If you buy a used Colt 1911, I strongly suggest a Series 70 or earlier, not a Series 80 or later. The Series 80 firing-pin safety is unnecessary.

The Remington couldn't be all that bad, but I dislike its not-original-design, exterior extractor.
Browning's original interior extractor was a better design, but it is more expensive to manufacture than is the exterior version.

If the gun you find has a perforated, "full-race"-style trigger, buy it anyway: 1911 triggers swap out easily and without fitting. Old-fashion solid triggers are pretty cheap.

The reason people prefer "P-shape, looped" hammers has to do with something called "hammer bite."
If your 1911 pistol doesn't have a fairly long "beavertail" grip safety, a thumb-spur, original-style hammer will reach down and peck at your hand, every time you fire it. It will draw blood, and it hurts. It will make you flinch, and that will make you miss.
Most thumb-spur hammers will not work with most protective beavertail grip safeties. All "rowel"-style, "P-shape" hammers work well with beavertail grip safeties, and, really, no beavertail is even necessary of you're using a rowel-style (Commander-style) hammer.


----------



## tk421991 (Jun 9, 2011)

Besides not getting whacked in the hand by the old fashioned hammer, is there any difference? 

I've been told that you can pull the hammer on a M1911 like a revolver if you prefer not to cock the entire slide. Can you do that with the P's?
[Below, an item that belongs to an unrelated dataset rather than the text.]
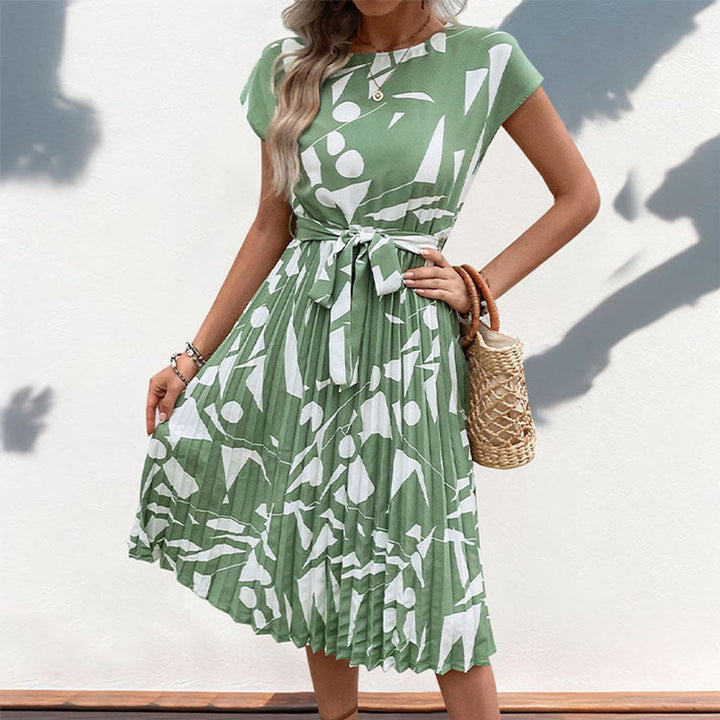 Women's Abstract Print Pleated Fall Midi Dress Belted Cap Sleeve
And I would prefer to buy new, because I want this pistol to be a keeper. So, I would like to have a warranty on it. If that means me buying a S&W and putting more money down on the counter, so be it. S&W is lifetime, Remington has 2 years, CZ is 5, Caracal is 1. The only real reason that I'm not keen on the CZ97B is because it isn't stainless, but CZ does make quality pieces.


----------



## chessail77 (Mar 15, 2011)

Go with a S&W .....their customer service is excellent, lifetime warranty and they pay shipping costs both ways.....JJ


----------



## Steve M1911A1 (Feb 6, 2008)

tk421991 said:


> Besides not getting whacked in the hand by the old fashioned hammer, is there any difference?
> 
> *I've been told that you can pull the hammer on a M1911 like a revolver* if you prefer not to cock the entire slide...[emphasis added]


Now, why would you want to do that?
Except in antique US Army usage, the 1911 is meant to be carried ready for use, cocked and locked.
While thumbing its hammer is certainly possible, and there is a "half-cock" safety notch to catch the hammer when your thumb slips (which it will), doing such a thing just wastes valuable time when you are under save-your-life pressure, and adds nothing to safety when you are merely shooting at targets.

Pushing upwards on the 1911's safety lever moves a solid steel "lump" (that's what it's called) up against the pistol's sear, trapping it and immobilizing it between that lump and the fully-cocked notch of the hammer. That's about as safe a system as can be had.

In terms of setting-off-a-cartridge action, there is absolutely no difference between the functions of either hammer form. Both work exactly the same.
It is somewhat more difficult to thumb-cock the rowel-shaped, Commander-style hammer. More important, it's a lot more difficult to thumb-_un_cock the Commander hammer, so you can carry the pistol in "condition two": hammer down on a loaded chamber. (Yes, the standard GI and Series 70 pistols are perfectly safe to carry this way.)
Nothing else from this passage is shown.